Cos’è la gestazione per altri

I termini “maternità surrogata” e “utero in affitto” fanno di fatto riferimento alla pratica per la quale “una donna si assume l’obbligo di portare a termine una gravidanza per conto di una coppia sterile, alla quale s’impegna poi a consegnare il nascituro”. Un soggetto di sesso femminile, quindi, mette a disposizione il proprio corpo per portare a termine la gestazione del figlio di una coppia che sia impossibilitata a farlo e che abbia presentato la richiesta. Le sfumature sono molteplici e variano a seconda della legislazione degli Stati che ammettono la pratica: la donna può essere una conoscente della coppia o una sconosciuta contattata tramite un’apposita agenzia, i gameti utilizzati possono essere prelevati dalla coppia di futuri genitori o in parte o totalmente di donatori esterni (pratica necessaria in caso di problematiche di sterilità o di coppie omosessuali). Nel secondo caso è possibile che vengano utilizzati i gameti della gestante, che diviene così madre biologica e genetica del nascituro. A seconda della legislazione del Paese nel quale ci si trova, poi, può essere previsto un compenso per la gestante o può essere prevista solamente la gestazione surrogata in forma altruistica, ovvero senza compenso economico.

Dove è legale e dove no

Secondo l’articolo 6 del Patto internazionale sui diritti civili e politici del 1966, “Il diritto alla vita è inerente alla persona umana.
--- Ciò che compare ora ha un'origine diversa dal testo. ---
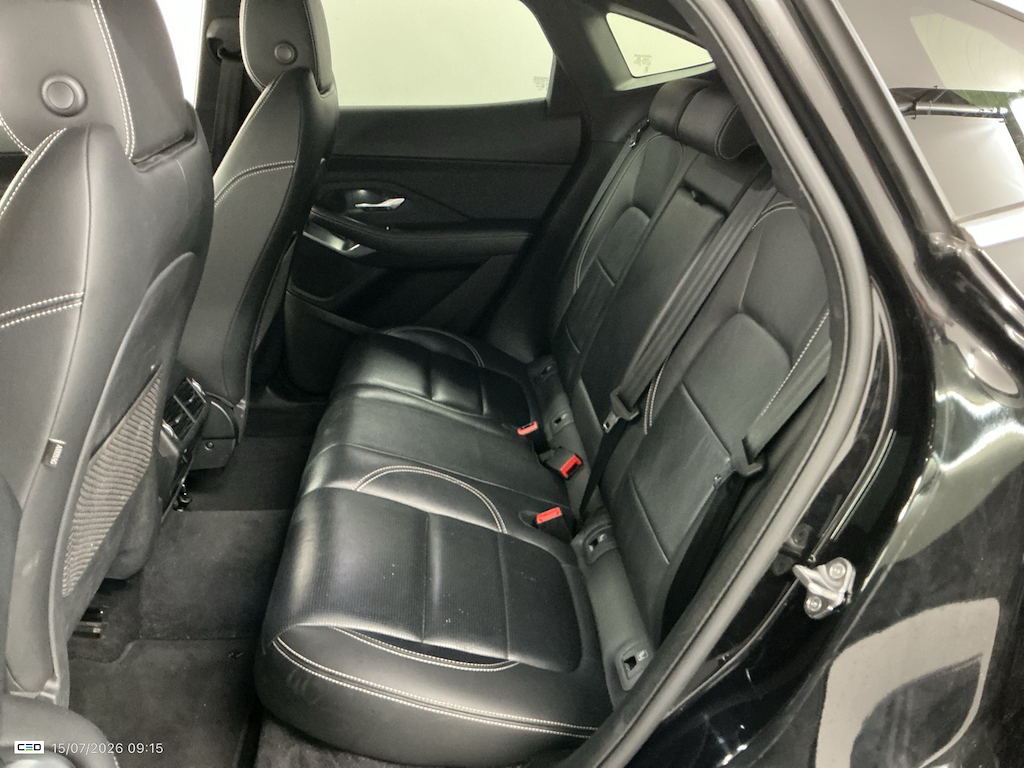 Jaguar E-Pace P300e Plug-In Hybrid R-Dynamic 8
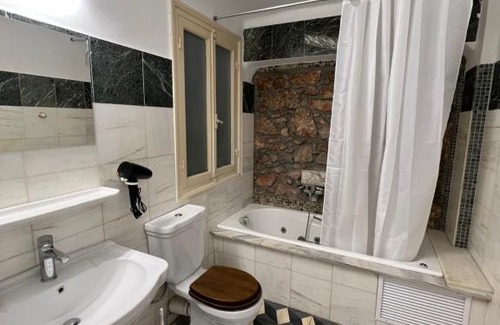 Omonia Apartment | Apartments in Athens, Greece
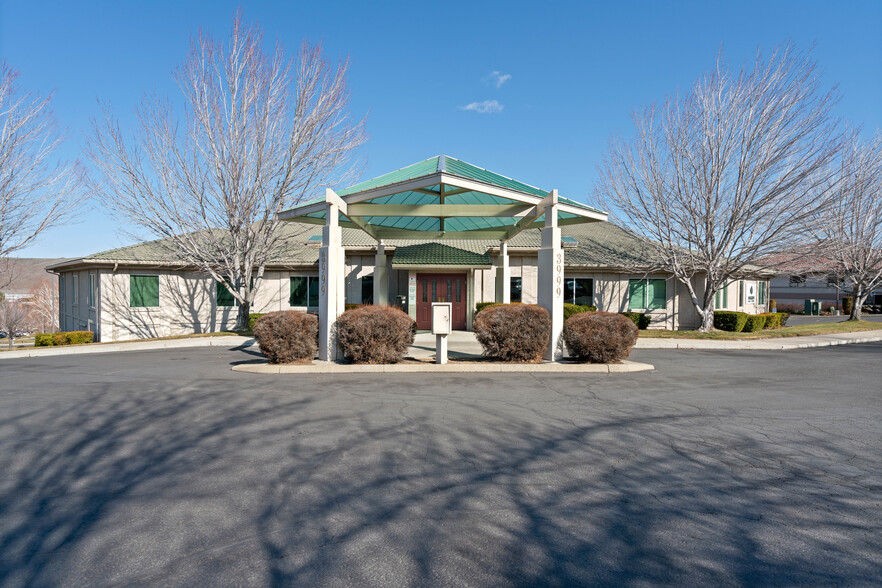 Primary Photo Of 3999 Englewood Ave, Yakima Office For Lease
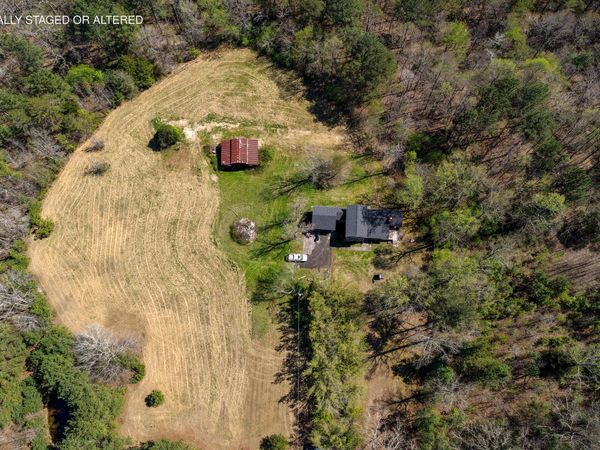 1899 Boss Road, Chickamauga 30707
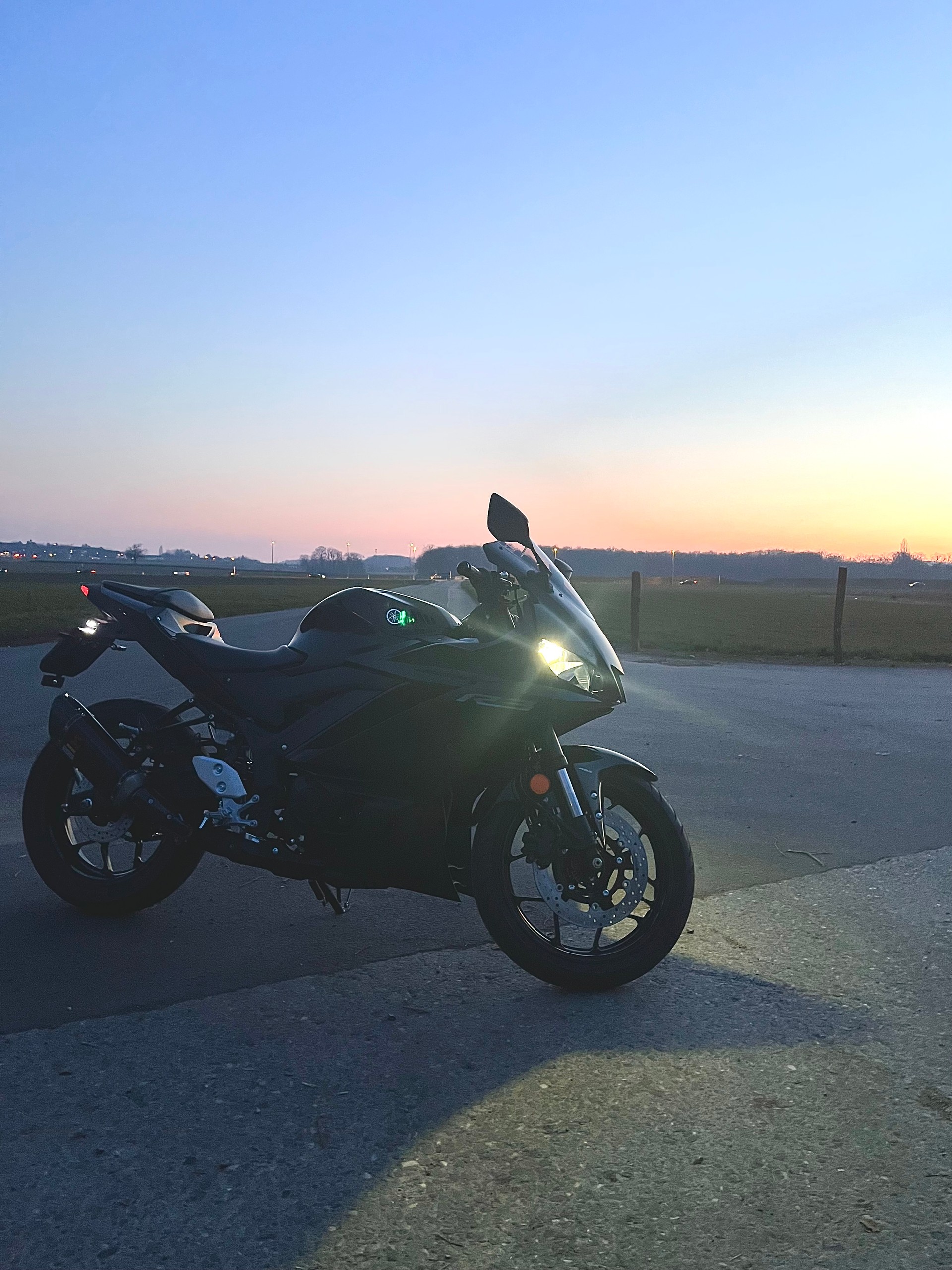 YAMAHA YZF-R3-image-7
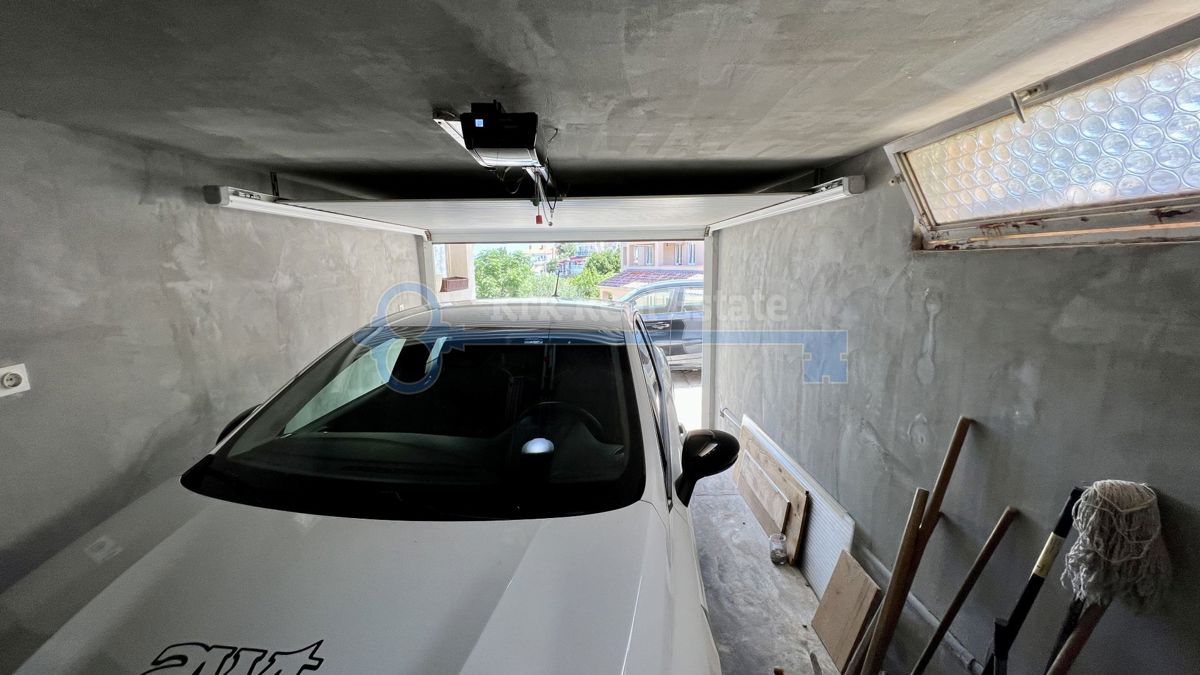 VRBNIK - APARTMAJSKA HIŠA Z ODPRTIM POGLEDOM NA MORJE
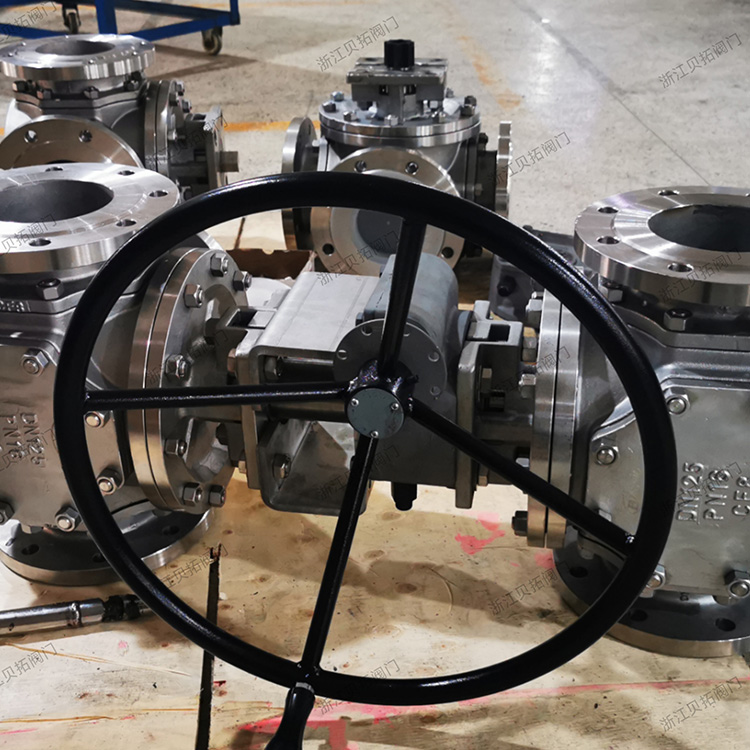 Dual three-way ball valve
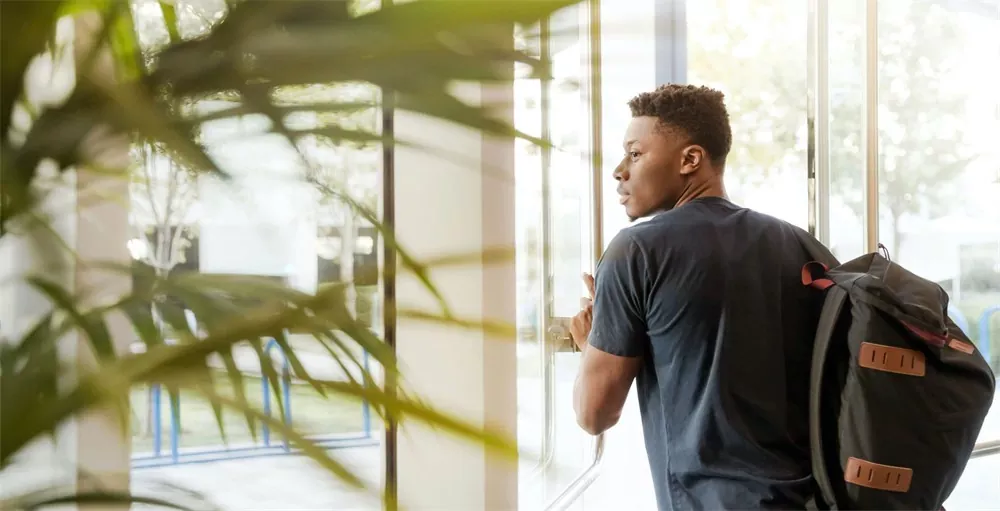 How College Financial Literacy Programs Combat Graduate School Debt header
Questo diritto deve essere protetto dalla legge. Nessuno può essere arbitrariamente privato della vita”. Con l’eccezione della Convenzione interamericana, il cui articolo 4.1 contempla il diritto alla vita “dal momento del concepimento”, le principali convenzioni internazionali lo riconoscono a partire dal momento della nascita, lasciando gli Stati parte liberi di ampliare o meno la tutela a un momento anteriore. Ne deriva dunque una posizione tutto sommato neutra rispetto alle questioni trasversali al diritto alla vita, come l’aborto o la maternità surrogata. Insomma, i vari accordi internazionali in materia di diritti umani lasciano un certo margine di manovra agli Stati, che decidono se e in che misura prevedere tali prerogative. Relativamente alla gestazione per altri, la quasi totalità della comunità internazionale o ha rifiutato di regolamentare la materia o si è espressa a sfavore, inserendo la pratica nelle fattispecie di reato. In Italia, ad esempio, si rischia la reclusione da 3 mesi a 2 anni e una multa da 600 mila fino a un milione di euro (art. 12. della legge n. 40 del 2004).  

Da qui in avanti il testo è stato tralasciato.